Trump: c'est la faute aux médias!

A la mi-août, Donald Trump envoie une salve de messages sur son compte Twitter. Il dénonce l’action des médias. Coupables à ses yeux de la baisse des intentions de vote en sa faveur. Et d’une «protection» dont jouirait à ses yeux la candidate démocrate Hillary Clinton.

Il semble que cette brusque éruption soit provoquée par une enquête du New York Times, publiée la veille. L’article évoque les interrogations d’une équipe de soutien sur la capacité du candidat républicain à hausser son niveau.

Au même moment, un éditorial du Wall Street Journal suggère qu’à défaut de professionnaliser sa campagne dans les plus brefs délais, Donald Trump serait bien inspiré de se retirer au profit de son colistier Mike Pence. Depuis lors, son équipe tente tant bien que mal de corriger le tir.
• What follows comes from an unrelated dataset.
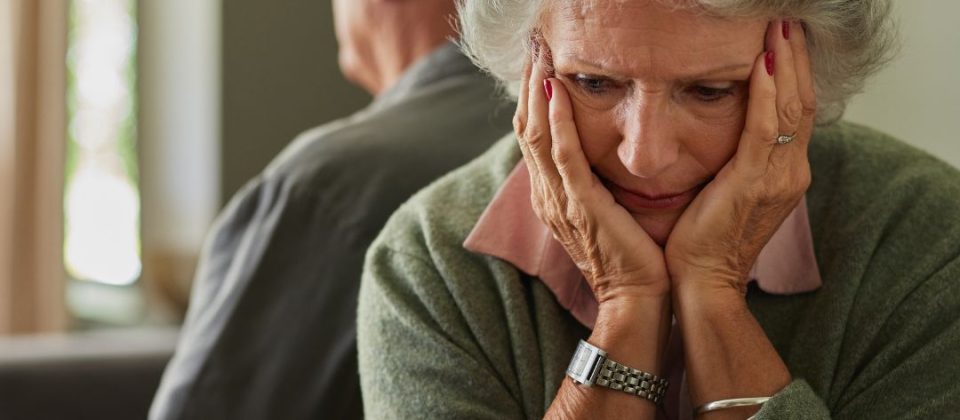 Older woman sitting with her head in her hands, looking upset, while an older man faces away in the background.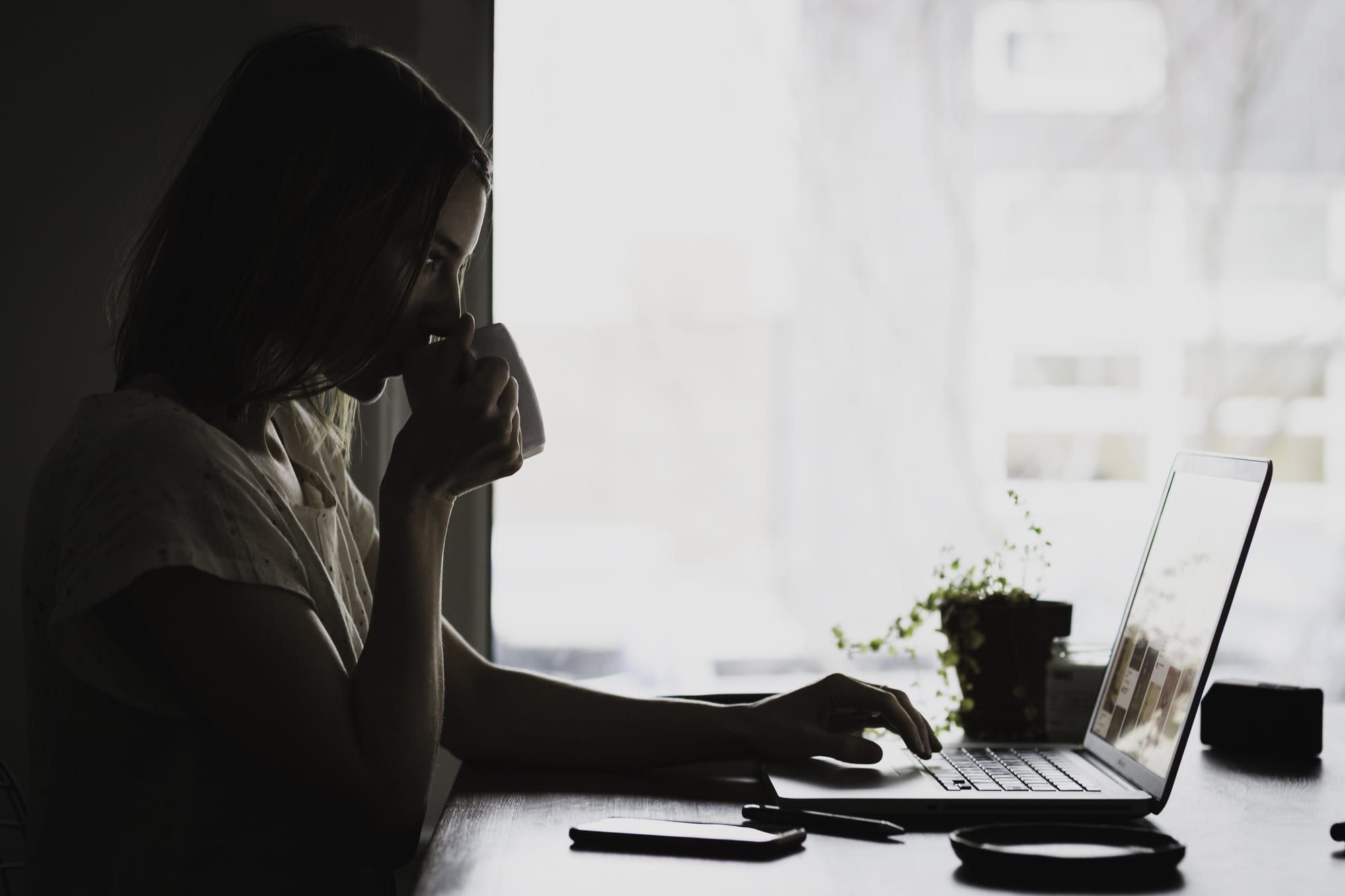 A tired business owner at a laptop in a dim room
Avant l’élection primaire, le magnat de l’immobilier s’en est déjà pris plus d’une fois à la presse: attaque contre une journaliste de Fox News, chaîne de télévision pourtant peu suspecte d’antipathie envers son parti; menace de suspension de l’accréditation du New York Times, permettant aux journalistes du quotidien de suivre sa campagne; mise au ban du Washington Post, en raison d’articles critiques; altercation avec la presse au sujet d’une promesse de dons, non suivie, à des anciens combattants; jusqu’à l’évocation d’une modification de la loi, afin de rendre plus faciles les actions en justice contre les entreprises d’information.

Le nouveau médiateur du New York Times, Jim Rutenberg, n’a pas attendu le dernier éclat du milliardaire pour signaler les dommages  collatéraux causés par cette candidature sur les pratiques journalistiques. «Trump teste les normes de l’objectivité en journalisme», affirme le titre de sa chronique parue le 8 août dans le quotidien.